Research interests

Working in the interface of genomics, single cell, deep learning and big data analysis with my PhD advisor Prof. Qiangfeng Cliff Zhang, my main research interest is to develop and apply innovative machine learning methods for the studies of gene regulation and cell fate transition on the basis of advanced single cell techniques (e.g., spatial transcriptomics, single cell RNA-seq, and single cell multi-omics). The long-term goal of my work is to decipher the gene regulation of the human genome and its impact on cell state transition for disease diagnosis and therapy.

Feel free to reach out by email liyuzhe at pku.edu.cn.

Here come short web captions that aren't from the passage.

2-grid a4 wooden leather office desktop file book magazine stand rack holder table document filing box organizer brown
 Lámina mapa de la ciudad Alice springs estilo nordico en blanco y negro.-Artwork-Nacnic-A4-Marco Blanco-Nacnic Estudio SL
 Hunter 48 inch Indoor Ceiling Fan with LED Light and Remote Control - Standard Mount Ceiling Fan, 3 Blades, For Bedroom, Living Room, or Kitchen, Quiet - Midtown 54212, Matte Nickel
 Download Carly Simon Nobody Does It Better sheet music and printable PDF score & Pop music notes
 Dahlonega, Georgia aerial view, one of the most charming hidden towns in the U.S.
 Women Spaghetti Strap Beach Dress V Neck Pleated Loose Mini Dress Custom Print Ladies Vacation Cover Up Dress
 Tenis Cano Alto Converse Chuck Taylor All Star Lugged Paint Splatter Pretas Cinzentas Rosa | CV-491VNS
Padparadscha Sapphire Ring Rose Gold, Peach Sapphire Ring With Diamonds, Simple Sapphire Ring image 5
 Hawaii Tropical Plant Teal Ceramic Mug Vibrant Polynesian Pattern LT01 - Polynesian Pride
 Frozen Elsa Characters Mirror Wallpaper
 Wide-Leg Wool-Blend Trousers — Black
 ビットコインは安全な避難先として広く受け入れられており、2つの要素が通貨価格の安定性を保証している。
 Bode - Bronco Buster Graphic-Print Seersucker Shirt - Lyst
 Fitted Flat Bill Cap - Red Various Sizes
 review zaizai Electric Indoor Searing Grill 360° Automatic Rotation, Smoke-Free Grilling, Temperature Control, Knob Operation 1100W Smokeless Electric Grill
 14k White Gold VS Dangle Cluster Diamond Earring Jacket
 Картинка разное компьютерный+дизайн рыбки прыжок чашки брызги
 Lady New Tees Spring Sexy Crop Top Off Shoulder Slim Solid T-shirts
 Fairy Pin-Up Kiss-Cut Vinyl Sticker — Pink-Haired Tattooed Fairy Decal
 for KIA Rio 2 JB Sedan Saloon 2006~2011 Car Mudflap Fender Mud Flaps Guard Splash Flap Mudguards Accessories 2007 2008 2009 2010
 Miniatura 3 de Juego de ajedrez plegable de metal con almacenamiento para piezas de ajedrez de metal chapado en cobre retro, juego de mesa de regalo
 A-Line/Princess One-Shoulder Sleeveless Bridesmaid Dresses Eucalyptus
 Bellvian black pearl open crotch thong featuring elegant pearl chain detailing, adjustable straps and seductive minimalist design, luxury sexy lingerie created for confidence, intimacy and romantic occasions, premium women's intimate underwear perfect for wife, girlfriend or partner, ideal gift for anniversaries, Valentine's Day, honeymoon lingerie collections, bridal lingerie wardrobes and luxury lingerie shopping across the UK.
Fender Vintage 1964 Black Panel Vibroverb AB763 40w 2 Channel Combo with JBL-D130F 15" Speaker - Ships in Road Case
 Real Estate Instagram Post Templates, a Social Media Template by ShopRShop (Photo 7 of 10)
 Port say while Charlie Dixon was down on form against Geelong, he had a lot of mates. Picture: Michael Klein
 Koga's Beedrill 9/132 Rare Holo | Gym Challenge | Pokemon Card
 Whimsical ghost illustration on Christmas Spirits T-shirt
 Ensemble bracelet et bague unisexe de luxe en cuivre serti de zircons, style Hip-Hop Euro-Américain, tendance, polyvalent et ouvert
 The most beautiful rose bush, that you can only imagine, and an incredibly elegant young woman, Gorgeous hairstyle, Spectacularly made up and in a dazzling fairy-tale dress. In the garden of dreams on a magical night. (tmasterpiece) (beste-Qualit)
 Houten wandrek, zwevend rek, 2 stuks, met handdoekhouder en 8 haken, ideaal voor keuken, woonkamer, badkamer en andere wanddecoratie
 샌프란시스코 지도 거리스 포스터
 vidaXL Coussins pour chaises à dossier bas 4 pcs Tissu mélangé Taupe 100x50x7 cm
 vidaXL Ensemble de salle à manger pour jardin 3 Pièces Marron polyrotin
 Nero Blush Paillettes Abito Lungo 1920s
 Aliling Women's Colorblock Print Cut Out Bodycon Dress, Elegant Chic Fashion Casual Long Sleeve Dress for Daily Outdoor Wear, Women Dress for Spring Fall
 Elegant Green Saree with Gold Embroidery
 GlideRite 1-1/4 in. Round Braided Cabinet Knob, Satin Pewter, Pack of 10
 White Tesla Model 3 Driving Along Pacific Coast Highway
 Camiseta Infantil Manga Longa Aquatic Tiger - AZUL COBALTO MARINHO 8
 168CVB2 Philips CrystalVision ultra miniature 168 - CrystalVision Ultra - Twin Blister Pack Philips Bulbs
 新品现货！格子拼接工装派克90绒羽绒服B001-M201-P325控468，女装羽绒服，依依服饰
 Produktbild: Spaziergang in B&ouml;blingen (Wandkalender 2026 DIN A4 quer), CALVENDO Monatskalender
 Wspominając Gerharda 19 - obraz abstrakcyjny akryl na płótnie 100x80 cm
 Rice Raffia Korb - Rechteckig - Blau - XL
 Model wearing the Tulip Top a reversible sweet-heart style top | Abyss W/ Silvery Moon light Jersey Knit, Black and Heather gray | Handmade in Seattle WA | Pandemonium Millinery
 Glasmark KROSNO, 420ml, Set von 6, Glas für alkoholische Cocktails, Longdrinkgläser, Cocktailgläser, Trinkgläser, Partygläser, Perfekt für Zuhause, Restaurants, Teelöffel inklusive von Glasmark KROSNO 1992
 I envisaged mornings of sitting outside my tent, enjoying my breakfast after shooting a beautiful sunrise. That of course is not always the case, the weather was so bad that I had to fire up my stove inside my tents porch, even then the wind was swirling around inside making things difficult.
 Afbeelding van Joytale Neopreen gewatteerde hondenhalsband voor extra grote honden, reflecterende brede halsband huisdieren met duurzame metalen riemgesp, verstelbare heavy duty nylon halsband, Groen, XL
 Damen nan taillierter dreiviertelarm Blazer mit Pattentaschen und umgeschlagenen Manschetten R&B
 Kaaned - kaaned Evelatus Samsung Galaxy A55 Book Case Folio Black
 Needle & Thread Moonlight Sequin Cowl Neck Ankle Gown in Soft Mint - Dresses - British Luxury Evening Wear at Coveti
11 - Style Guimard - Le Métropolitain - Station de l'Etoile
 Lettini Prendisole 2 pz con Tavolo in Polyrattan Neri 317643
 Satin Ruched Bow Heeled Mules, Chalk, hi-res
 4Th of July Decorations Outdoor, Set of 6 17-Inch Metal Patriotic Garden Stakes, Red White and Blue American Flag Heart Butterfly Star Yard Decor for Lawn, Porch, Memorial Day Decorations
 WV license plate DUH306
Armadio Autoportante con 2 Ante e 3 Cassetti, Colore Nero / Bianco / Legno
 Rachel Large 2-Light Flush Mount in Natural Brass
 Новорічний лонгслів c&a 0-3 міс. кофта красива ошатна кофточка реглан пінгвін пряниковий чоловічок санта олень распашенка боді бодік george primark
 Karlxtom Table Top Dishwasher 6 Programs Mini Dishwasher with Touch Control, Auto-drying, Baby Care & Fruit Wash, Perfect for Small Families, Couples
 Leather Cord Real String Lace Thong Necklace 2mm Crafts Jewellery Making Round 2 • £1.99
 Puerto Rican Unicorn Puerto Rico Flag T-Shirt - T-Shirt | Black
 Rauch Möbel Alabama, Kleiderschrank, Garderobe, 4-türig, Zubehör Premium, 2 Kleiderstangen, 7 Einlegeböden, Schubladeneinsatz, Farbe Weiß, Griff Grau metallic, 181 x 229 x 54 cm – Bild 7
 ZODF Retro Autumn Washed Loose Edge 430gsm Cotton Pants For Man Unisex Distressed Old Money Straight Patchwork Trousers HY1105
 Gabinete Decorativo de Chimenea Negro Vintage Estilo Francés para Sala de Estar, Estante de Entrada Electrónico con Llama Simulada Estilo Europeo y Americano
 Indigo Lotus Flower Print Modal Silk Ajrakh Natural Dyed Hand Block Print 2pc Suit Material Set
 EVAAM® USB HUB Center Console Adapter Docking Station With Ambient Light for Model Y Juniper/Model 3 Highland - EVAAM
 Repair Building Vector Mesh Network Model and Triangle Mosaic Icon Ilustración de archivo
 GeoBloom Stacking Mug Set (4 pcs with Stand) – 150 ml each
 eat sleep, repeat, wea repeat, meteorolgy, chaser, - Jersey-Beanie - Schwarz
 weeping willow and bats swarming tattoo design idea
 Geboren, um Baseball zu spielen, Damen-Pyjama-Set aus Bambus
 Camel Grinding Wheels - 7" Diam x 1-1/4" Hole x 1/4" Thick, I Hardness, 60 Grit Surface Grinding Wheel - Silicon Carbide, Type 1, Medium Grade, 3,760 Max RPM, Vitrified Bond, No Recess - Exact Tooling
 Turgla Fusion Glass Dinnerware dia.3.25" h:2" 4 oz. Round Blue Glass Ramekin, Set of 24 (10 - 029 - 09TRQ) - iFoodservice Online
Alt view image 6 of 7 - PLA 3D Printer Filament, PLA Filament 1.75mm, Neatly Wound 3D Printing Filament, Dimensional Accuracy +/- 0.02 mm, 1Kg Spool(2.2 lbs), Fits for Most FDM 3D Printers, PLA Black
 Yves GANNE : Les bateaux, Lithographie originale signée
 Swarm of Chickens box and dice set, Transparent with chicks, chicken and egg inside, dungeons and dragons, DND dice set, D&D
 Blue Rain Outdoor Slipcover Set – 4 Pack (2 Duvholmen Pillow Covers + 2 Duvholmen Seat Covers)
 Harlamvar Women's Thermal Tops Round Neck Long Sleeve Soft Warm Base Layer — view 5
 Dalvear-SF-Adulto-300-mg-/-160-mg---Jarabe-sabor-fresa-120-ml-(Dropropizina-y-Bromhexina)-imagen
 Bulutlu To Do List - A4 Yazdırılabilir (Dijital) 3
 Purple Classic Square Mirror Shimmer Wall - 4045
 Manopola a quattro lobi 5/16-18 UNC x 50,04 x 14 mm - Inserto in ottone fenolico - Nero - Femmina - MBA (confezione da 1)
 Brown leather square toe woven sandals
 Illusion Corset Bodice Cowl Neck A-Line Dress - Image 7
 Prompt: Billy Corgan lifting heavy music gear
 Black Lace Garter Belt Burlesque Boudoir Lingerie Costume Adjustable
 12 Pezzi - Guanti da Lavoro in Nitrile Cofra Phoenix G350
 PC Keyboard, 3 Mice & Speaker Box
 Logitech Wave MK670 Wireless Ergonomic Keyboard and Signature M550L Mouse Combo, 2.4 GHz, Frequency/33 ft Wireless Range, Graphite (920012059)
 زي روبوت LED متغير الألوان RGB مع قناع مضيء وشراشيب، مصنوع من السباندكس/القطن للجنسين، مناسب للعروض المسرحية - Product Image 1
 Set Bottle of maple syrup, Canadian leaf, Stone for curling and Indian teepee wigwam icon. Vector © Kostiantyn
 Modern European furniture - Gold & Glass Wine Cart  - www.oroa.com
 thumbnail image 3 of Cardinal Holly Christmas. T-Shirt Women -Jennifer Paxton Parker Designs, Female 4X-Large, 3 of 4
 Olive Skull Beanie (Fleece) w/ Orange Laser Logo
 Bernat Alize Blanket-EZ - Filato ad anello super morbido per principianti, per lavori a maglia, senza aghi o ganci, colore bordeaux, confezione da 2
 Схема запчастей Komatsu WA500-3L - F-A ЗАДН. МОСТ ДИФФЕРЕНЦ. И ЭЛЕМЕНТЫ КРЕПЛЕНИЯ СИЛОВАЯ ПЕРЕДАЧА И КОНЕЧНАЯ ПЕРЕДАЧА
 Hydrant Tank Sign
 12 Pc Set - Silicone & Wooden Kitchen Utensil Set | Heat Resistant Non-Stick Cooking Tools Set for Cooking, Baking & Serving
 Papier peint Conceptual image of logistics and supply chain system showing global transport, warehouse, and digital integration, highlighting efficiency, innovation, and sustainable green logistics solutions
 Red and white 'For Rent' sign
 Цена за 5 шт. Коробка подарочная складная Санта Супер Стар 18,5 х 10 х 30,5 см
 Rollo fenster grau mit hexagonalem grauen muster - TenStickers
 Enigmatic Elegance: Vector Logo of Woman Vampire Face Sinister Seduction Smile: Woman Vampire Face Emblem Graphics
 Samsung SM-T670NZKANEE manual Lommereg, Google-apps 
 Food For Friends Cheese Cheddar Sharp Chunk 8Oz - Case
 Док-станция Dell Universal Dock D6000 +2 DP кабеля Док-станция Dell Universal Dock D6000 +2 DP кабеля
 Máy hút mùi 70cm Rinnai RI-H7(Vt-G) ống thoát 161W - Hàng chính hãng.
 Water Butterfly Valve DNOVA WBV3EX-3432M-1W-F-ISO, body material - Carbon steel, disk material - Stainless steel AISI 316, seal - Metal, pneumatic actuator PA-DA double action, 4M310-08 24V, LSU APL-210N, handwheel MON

Current Research and Scholarly Interests

My research focuses on develop deep learning methods to

  1. Spatial multi-omics data analysis
  2. Infer the dynamics of cell state transition
  3. Build foundational model for single-cell genomics

Research experience

Graduate Research:

  1. We developed SCALEX, a deep-learning method that integrates single cell data by projecting cells into a batch-invariant, common cell-embedding space in a truly online manner (i.e., without retraining the model).
  2. We characterized a novel role for smarca5 in red blood cell (RBC) aggregation using zebrafish smarca5 mutants, which may provide a new venous thrombosis animal model to support drug screening and pre-clinical therapeutic assessments to treat thrombosis. I’m in charge of data analysis, mainly for RNA-seq and ATAC-seq data.
  3. We developed SPACE, a deep-learning method for cell type identification and tissue module discovery from spatial transcriptomics data by learning a cell representation that captures its gene expression profile and those of its spatial neighbors.
  4. We developed a deep learning-based model, SCAPE, that predicts the transcription dynamics under in silico genetic perturbations. The manuscript is in preparation.
  5. My current graduate research focused on deciphering gene regulatory networks for cells in human diseases (e.g., pediatric brain tumor, lung cancer, and idiopathic pulmonary fibrosis) using single cell multi-omics. The manuscripts are in preparation.